The past couple of weeks has been tough for many colleagues in the UAE media industry. First, information was leaked about job losses at the Abu Dhabi-based, English language daily The National. The reported job cuts follows five months after the paper’s purchase by International Media Investments (IMI), a subsidiary of private investment firm Abu Dhabi Media Investment Corporation (ADMIC) from state-owned Abu Dhabi Media Company (ADM). At least a quarter of the editorial staff will be leaving The National by the end of June 2017, as the paper’s owners support a “digital transformation” at the paper.

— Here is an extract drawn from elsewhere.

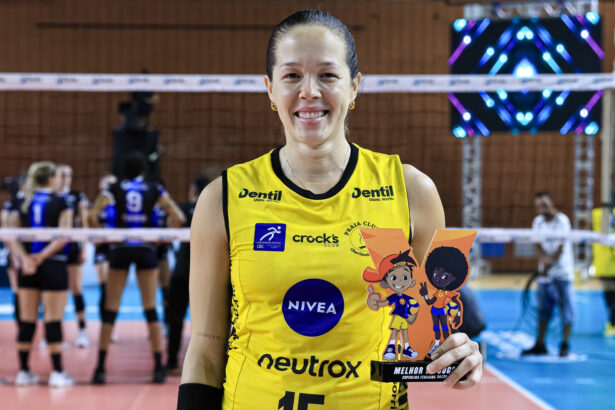 Monique Pavão se aposenta aos 39 após 26 anos e título da Superliga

“As part of this transition, over the past few months, IMI has finalised its new vision for The National, supported by a robust editorial strategy to ensure that The National fulfils its potential as a premier English language source of news about and for the Middle East,” a spokesperson told the AFP.
Abu Dhabi Media Investment Corporation also owns a majority stake in Sky News Arabia, and a project team has been set up to aid the “digital transformation” at The National.

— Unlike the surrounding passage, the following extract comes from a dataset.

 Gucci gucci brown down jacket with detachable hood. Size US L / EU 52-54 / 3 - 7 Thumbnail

The second news story over the past week were job cuts at Dubai-based English language television channel, City 7 TV. The channel has been sold by BinHendi Enterprises to WeTel-TV, a TV platform for global educational news and current affairs. A number of the editorial team have left as the channel focuses on education.
For many media outlets, the focus is increasingly on profit. In a region which is going through austerity, and where media ownership is primarily in the hands of government (for newspapers and television at the very least), there seems to be a rethink among many outlets as to how to reduce costs. As with every other region, digital is waved as the answer. However, even global titles such as the Wall Street Journal, the New York Times, and the Daily Mail have struggled to turn a profit online. Digital revenue streams simply aren’t going to replace lost print advertising any time soon.

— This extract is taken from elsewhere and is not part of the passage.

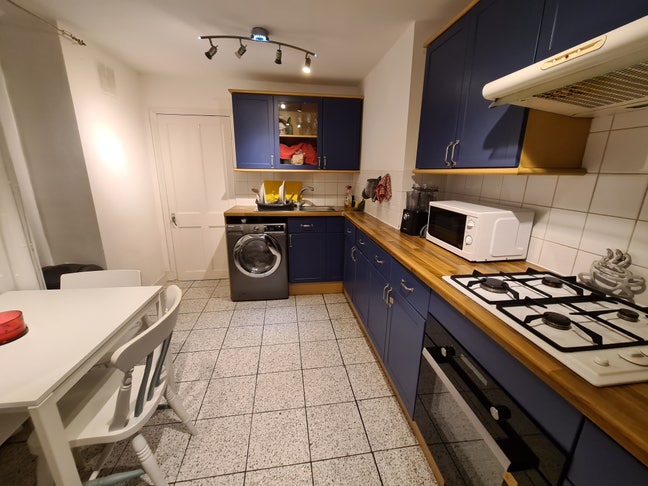 Large Double Room Main Photo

The other question that The National’s media owners need to ask is how will the loss of so many journalists impact editorial quality? When it comes to media consumption, online is no different from offline; readers want good content. How that content is delivered is obviously different, but the demand for good media will remain. And will there be a logical approach to a “digital transformation”, that combines both The National’s quality copy with the multimedia abilities of Sky News Arabia? An Abu-Dhabi based rival to AJ+ would be an exciting proposition, and I hope that The National has a strong digital enabler at the helm.
Whatever happens with both publications, my thoughts are very much with those people who are leaving. I hope that you’ll find new employment soon.